The total votes polled by Party candidates have been 10,44,560, as compared to 12,74,962 in 2004, an overall decline of nearly 230,000 or 20%. In two constituencies our candidates polled more than 1,00,000 votes – in Koderma in Jharkhand Comrade Rajkumar Yadav finished second with more than 150,000 votes and in Arrah in Bihar, Comrade Arun Singh finished third with nearly 1,16,000 votes. We came third in two more constituencies in Bihar – Siwan and Pataliputra – with nearly 73,000 and 37,000 votes respectively. In two more constituencies – Chatra in Jharkhand and Koraput (ST) in Orissa – our candidates finished fourth and polled more than 50,000 votes each. We also finished fourth in Autonomous District (ST) in Assam and in Karakat and Jahanabad in Bihar, but in all these seats our votes remained within the 30,000-40,000 range. Katihar in Bihar is another constituency where we polled more than 30,000 votes. Altogether, in 22 seats our candidates polled more than 10,000 votes.
In terms of vote share, our performance is somewhat significant only in Jharkhand and Bihar, where we secured roughly 2.75 and 1.90 per cent of the total polled votes respectively. Compared to the 2004 elections, this shows a 0.6 per cent increase in Jharkhand (a little more than 50,000 in numerical terms), but a decrease of 0.5 per cent in Bihar (nearly 250,000 in numerical terms).
How do we look at this electoral performance? Every electoral outcome tells us something about the prevailing political situation and the balance of forces. Now as far as the macro-level situation and balance is concerned, in most places our scale is still too small to yield us any particular electoral dividend from the overall context. We have to generate our own momentum through our organisational network, local struggles and political campaign. Only in Bihar and Jharkhand, can we claim to have attained the minimum threshold level needed for acquiring a mass political identity. So in our case, election results tell us less about any advantage or disadvantage emanating from the situation and more about the strength and quality of the Party organisation and the level of politicisation of the Party’s mass base.

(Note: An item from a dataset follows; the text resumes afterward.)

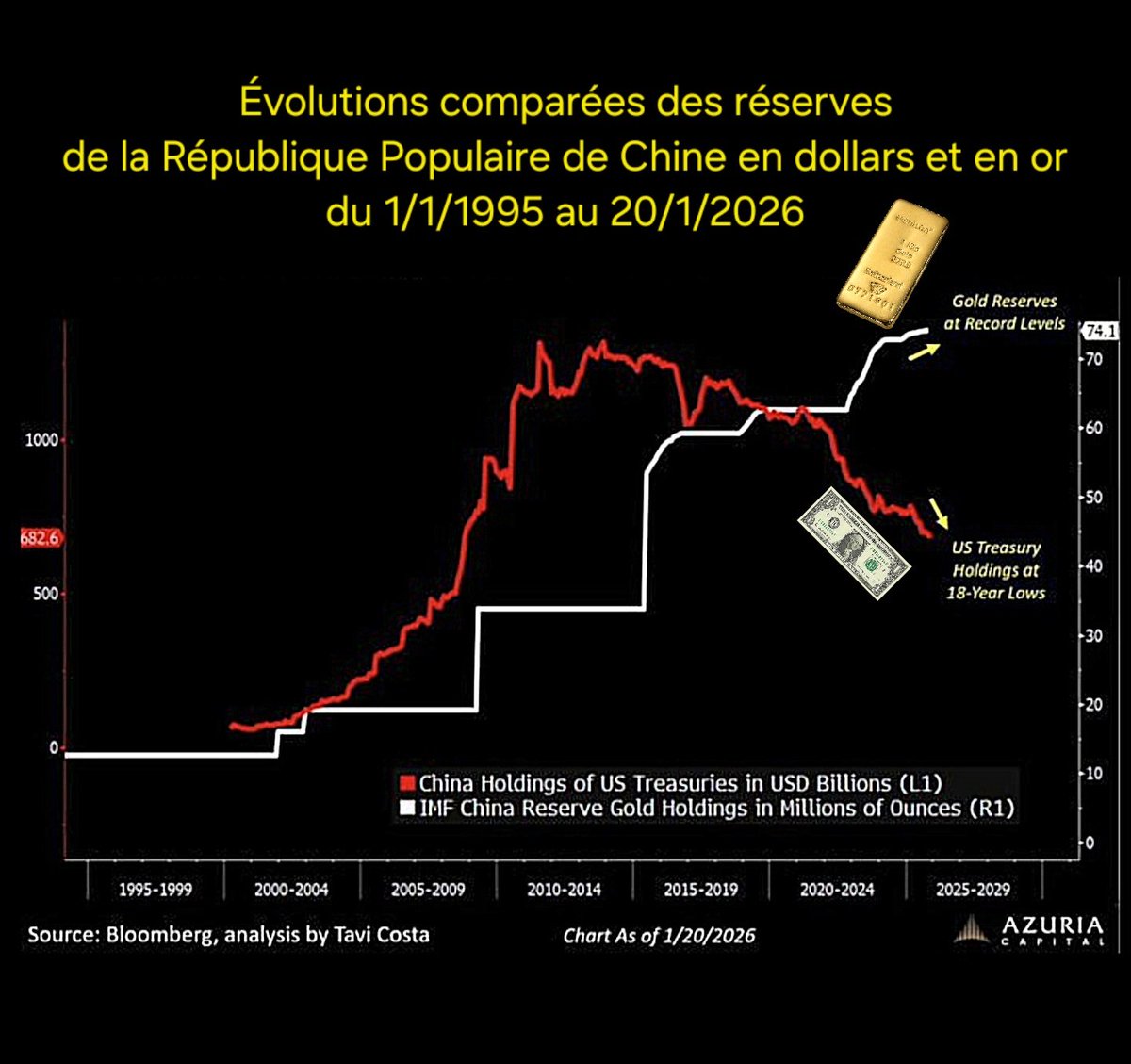 François Asselineau 🇫🇷 tweet media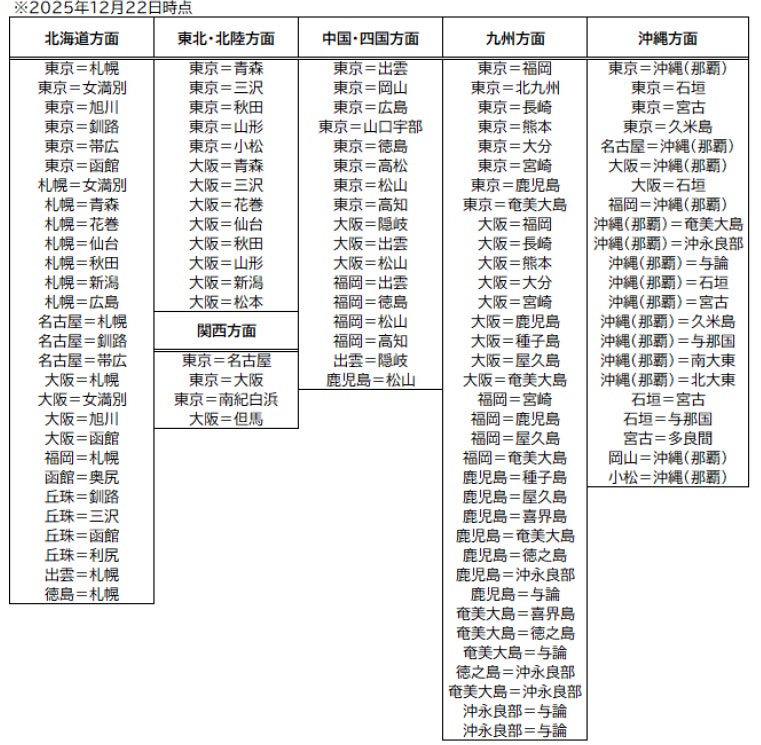国内線方面分類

As far as the situation is concerned, in Jharkhand the main issue was the reigning political instability and the virtual absence of any government in the state. With the UPA being seen as the main culprit for this state of affairs, the situation was generally favourable to the entire opposition, but clearly most advantageous to the BJP. Our main seats – Koderma, Chatra and Palamu – however did not exactly belong or conform to the mainstream pattern of Jharkhand. While Koderma is a traditional BJP stronghold – it should be remembered that even in 2004, when the UPA had swept the polls in Jharkhand, the BJP managed to win only the Koderma seat – the BJP/NDA has been relatively much weaker in Chatra and Palamu. In 2006 Koderma had a by-election as BJP MP Babulal Marandi resigned from the BJP, and retained the seat under the banner of his newly floated Jharkhand Vikas Morcha. This time around, had significant sections of the BJP base not bailed out Babulal Marandi, who scraped through by a margin of 48,000 over our candidate, Koderma could well have seen a much closer finish. Chatra and Palamu were officially allotted by the BJP for the JD(U), but the JD(U) nominees finished fourth in Palamu and fifth in Chatra.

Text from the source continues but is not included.